When building systems in a streaming data architecture, these concerns are almost entirely obviated at the application level. If you have a pure streaming system, which consumes streams and produces streams, all you need is tracing and record provenance. For instance on Kafka tools like Zipkin’s Kafka-clients can make achieving tracing of processing more accessible by maintaining a record of the correlation between records in the system, but in order for tracing data to be really valuable it has to be ingested into a join-optimized store beyond the scope of the streaming platform. There’s simply no need to use application logs in this way, when your application is itself a pure function from a stream to streams with all history persisted in the streaming platform.

Impure streaming systems also benefit from tracing and data provenance tools, especially if you work to push I/O to the boundaries and publish records of I/O back into the streaming system as normal events.
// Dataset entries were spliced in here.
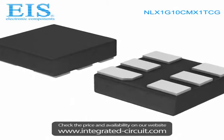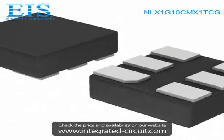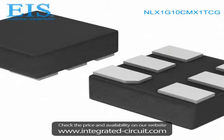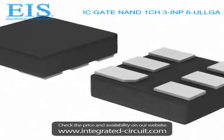Hello, this is Tams from Excellency Integrated System Limited. We are a professional stocking distributor of electronic components. We have many components in stock which can be shipped immediately after order.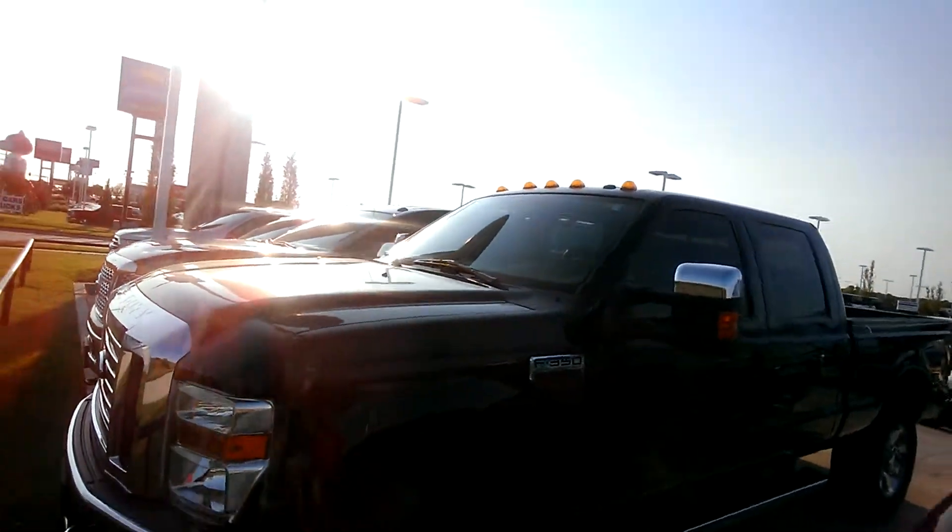Hello, Bill. This is Moe here at Joe Cooper Ford in Shawnee. Here's the video I promised you — I think you'll really like this truck and hopefully we can make it happen. It's a Lariat.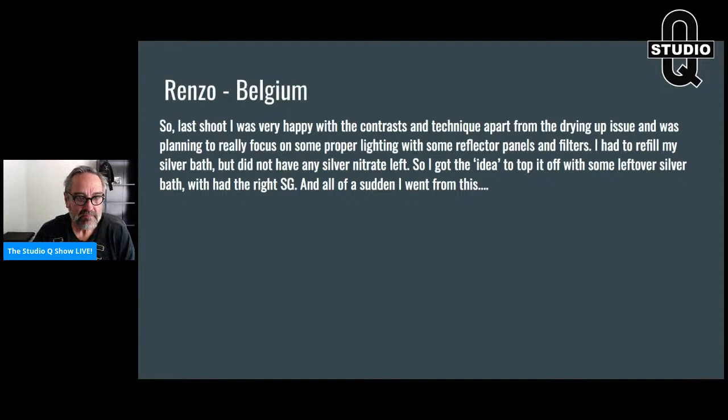He had to refill his silver bath but didn't have any silver nitrate left, so he got the idea to top it off with some leftover silver bath that had the right specific gravity and enough silver. All of a sudden he went from one result to another — I'll show you in a second. Let's recap: let's say he had one liter of silver and was down to 700 or 800 milliliters. He takes his freshly made silver — a bath he hadn't used — and tops off the silver bath he had been running plates through.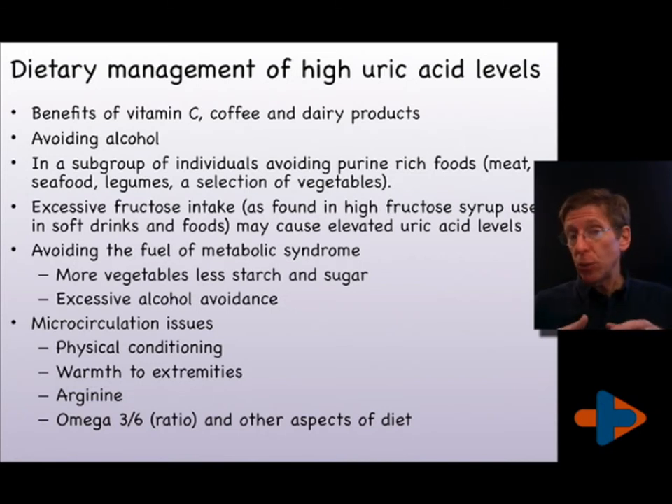In a subgroup of individuals with gout, there is a genetic predisposition such that they should avoid certain foods in excess — meat, particularly rich meats like liver and kidney, legumes including lentils and garbanzos, and a selection of vegetables that can all be highly contributory to high purine levels. Excessive fructose intake — high fructose corn syrup, which is common in soft drinks and added to many processed foods — will also contribute to the problem of gout.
Imagine a system which sends emails (an external effect) based on messages within the system. Simply by publishing a “confirmation” message back into the streaming system, it becomes possible to reflect on the history of what was actually achieved not simply what was requested although these could be assumed to be the same. This lets us treat an effectful system as if it were data oriented, and inspect is history as such. One could object that this is a horrendously inefficient way to talk about effects, but it turns out to be a surprisingly useful one.

There are ontological problems to be sure with the notion of an eternal, immutable append only log of events, but my experience writing functional programs and systems has confirmed over and over again that data oriented designs are simpler and easier to work with in the long run than the more stateful alternatives. So do go invest in Zipkin or some other tracing tool. Do go figure out how to take your nice κ architecture and reprocess data through it. Make it easy. Make reprocessing data and tracing how data processes through your topology the cornerstone of your workflow.

Don’t log. You already have a log. It’s your stream.